新国立劇場 ツェムリンスキー「フィレンツェの悲劇」&プッチーニ「ジャンニ・スキッキ」 2025

新国立劇場 フィレンツェ2部作
●6日は新国立劇場でツェムリンスキー「フィレンツェの悲劇」&プッチーニ「ジャンニ・スキッキ」のダブルビル。2019年に初演された粟國淳演出のプロダクションで、指揮は初演と同じ沼尻竜典だが、オーケストラは東京交響楽団。このフィレンツェ・セット、本当によくできた組合せでとても楽しい。物語も音楽も上質で、両作とも1時間前後と短いので気構える必要がない。悲劇と喜劇の組合せだが、前者は「暗黒のラブコメ」、後者は「地獄に落ちる話」という逆説があるからおもしろい。

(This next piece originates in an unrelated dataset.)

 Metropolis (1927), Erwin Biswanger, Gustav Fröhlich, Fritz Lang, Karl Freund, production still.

●ツェムリンスキー「フィレンツェの悲劇」は歌手が3人のみ。商人シモーネにトーマス・ヨハネス・マイヤー、フィレンツェ大公の息子グイード・バルディにデヴィッド・ポメロイ、シモーネの妻ビアンカにナンシー・ヴァイスバッハ。歌手陣充実。シモーネの役柄が多弁な商人なので、もっぱらシモーネ役が歌い続ける。もう少しグイード役の美声を聴きたいと思ってしまうほど。後期ロマン派スタイルの官能的で豊潤なオーケストラの響きを堪能。
●寝取られた商人が、傲慢な貴族に対して下手に出ながら弁舌巧みに剣による決闘に導く。盗賊に襲われ撃退した実戦経験もある商人にとって、猟色家の貴族など敵ではないということなのだろう。間男を殺した後、今度は裏切った妻を殺そうとする。ところがそこで、妻が自分の夫の強さを知って恍惚とし、夫も妻の美しさに気づき、口づけで終わる。笑ってしまうような結末だが、この愛の形にはある種の真実味がある。最後の最後の場面、「あれ、やっぱり妻を殺すのかな?」という演技にも見えたけど、ツェムリンスキーのスコアは「愛の音楽」に着地していると思う。

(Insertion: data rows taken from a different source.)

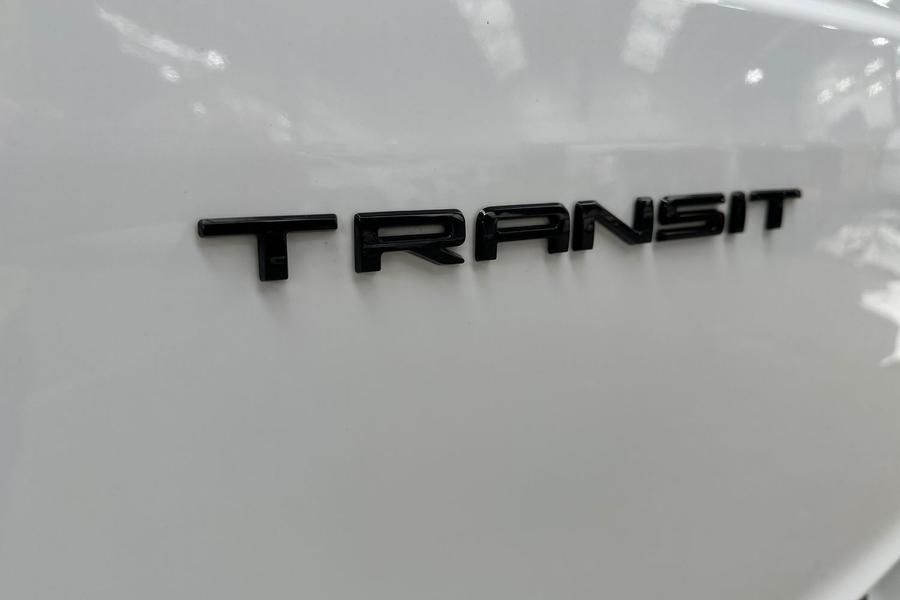 Ford TRANSIT COURIER Photo 05d2e709-56ab-4cd3-8d7c-64adebe89ed9.jpg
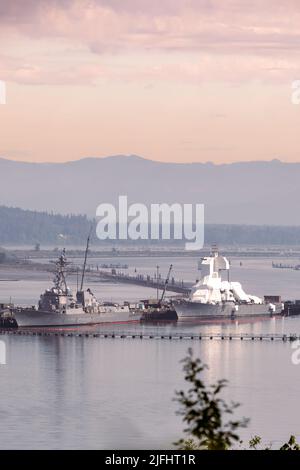 Everett, WA - Etats-Unis -06-02-2022: Navy HomePort Naval Station avec des navires à quai Banque D'Images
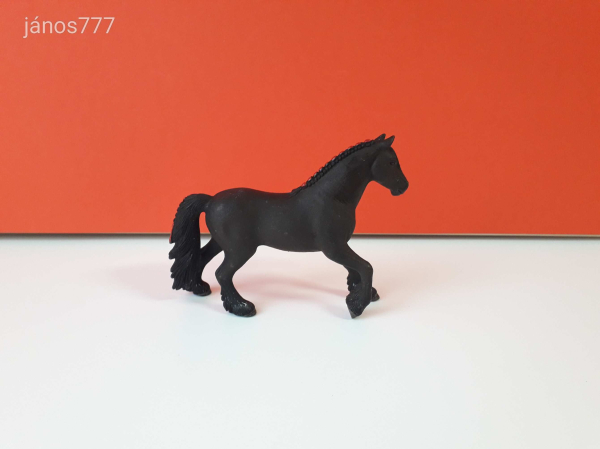 Eredeti Schleich ló Fríz kanca állatfigura !! 14x10,5cm ! 2013-as kiadás ! Schleich 13749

●舞台装置が変わっている。屋内の話なのに屋外になっていて、前回も今回も意味がわからなかった。
●ツェムリンスキーの後、プッチーニ「ジャンニ・スキッキ」になると一気に晴れやかな気分になる。ジャンニ・スキッキ役はピエトロ・スパニョーリ。うさん臭い人物というよりダンディな人物像ながら、声マネも無理がなくコメディアンぶりを発揮。ラウレッタに砂田愛梨、リヌッチョに村上公太、ほかに与田朝子、青地英幸、針生美智子、網永悠里、志村文彦、河野鉄平、吉川健一、中島郁子、畠山茂、清水宏樹、大久保惇史、水野優。チームワークのコメディ。比較的序盤に随一の聴きどころ「私のお父さん」が歌われるわけだが、砂田愛梨はここで劇場内の空気をがらりと変えた。大成功では。東響も好演。やはりプッチーニはオーケストレーションの魅力が大きい。
●ジャンニ・スキッキがブオーゾに扮して、大事な遺産をジャンニ・スキッキに相続させるという強欲三連発の場面、なんど見てもおかしい。昨年のセイジ・オザワ松本フェスティバル「ジャンニ・スキッキ」ではここで客席からドッと笑いが起きたのを思い出す。新国立劇場になるとお客さんが作品を知りすぎているからなのか、笑いは起きない。
●舞台には巨大な本や目覚し時計、天秤などが置かれていて、登場人物はみんな小人ということになっている。ブオーゾはベッドではなく本の上に寝ており、やがてその本がダンテの「神曲 地獄篇」であることがわかる。遺産相続を巡って争う親戚たちの人間としての卑小さをあらわしているのだろうか。が、これが「フリ」だとすると、「ウケ」が欲しいと思うのは自分だけではないと思う。つまり、最後まで観るとどうして小人なのかが腑に落ちるような物語作法を期待してしまうのだが。ともあれ、全体としてはすこぶる良質な二本立てで、2回観ても「また観たいな」と思えるほど。